= Task to carry out =
Transcribe the entries below without alteration.

= Extracted entries =
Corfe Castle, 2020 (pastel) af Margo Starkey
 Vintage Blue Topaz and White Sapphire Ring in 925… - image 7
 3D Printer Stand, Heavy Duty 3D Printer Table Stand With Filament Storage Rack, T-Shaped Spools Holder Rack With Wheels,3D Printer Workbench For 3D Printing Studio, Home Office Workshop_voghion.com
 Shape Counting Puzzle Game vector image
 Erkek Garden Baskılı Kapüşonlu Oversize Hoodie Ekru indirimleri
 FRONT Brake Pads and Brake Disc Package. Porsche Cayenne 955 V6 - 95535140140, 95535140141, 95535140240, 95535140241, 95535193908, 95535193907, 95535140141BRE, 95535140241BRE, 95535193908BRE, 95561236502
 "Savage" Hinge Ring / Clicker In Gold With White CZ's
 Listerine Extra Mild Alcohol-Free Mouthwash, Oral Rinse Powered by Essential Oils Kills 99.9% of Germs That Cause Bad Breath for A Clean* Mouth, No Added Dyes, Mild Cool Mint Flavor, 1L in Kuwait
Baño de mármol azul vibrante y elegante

= Result of the exercise =
Corfe Castle, 2020 (pastel) af Margo Starkey
 Vintage Blue Topaz and White Sapphire Ring in 925… - image 7
 3D Printer Stand, Heavy Duty 3D Printer Table Stand With Filament Storage Rack, T-Shaped Spools Holder Rack With Wheels,3D Printer Workbench For 3D Printing Studio, Home Office Workshop_voghion.com
 Shape Counting Puzzle Game vector image
 Erkek Garden Baskılı Kapüşonlu Oversize Hoodie Ekru indirimleri
 FRONT Brake Pads and Brake Disc Package. Porsche Cayenne 955 V6 - 95535140140, 95535140141, 95535140240, 95535140241, 95535193908, 95535193907, 95535140141BRE, 95535140241BRE, 95535193908BRE, 95561236502
 "Savage" Hinge Ring / Clicker In Gold With White CZ's
 Listerine Extra Mild Alcohol-Free Mouthwash, Oral Rinse Powered by Essential Oils Kills 99.9% of Germs That Cause Bad Breath for A Clean* Mouth, No Added Dyes, Mild Cool Mint Flavor, 1L in Kuwait
Baño de mármol azul vibrante y elegante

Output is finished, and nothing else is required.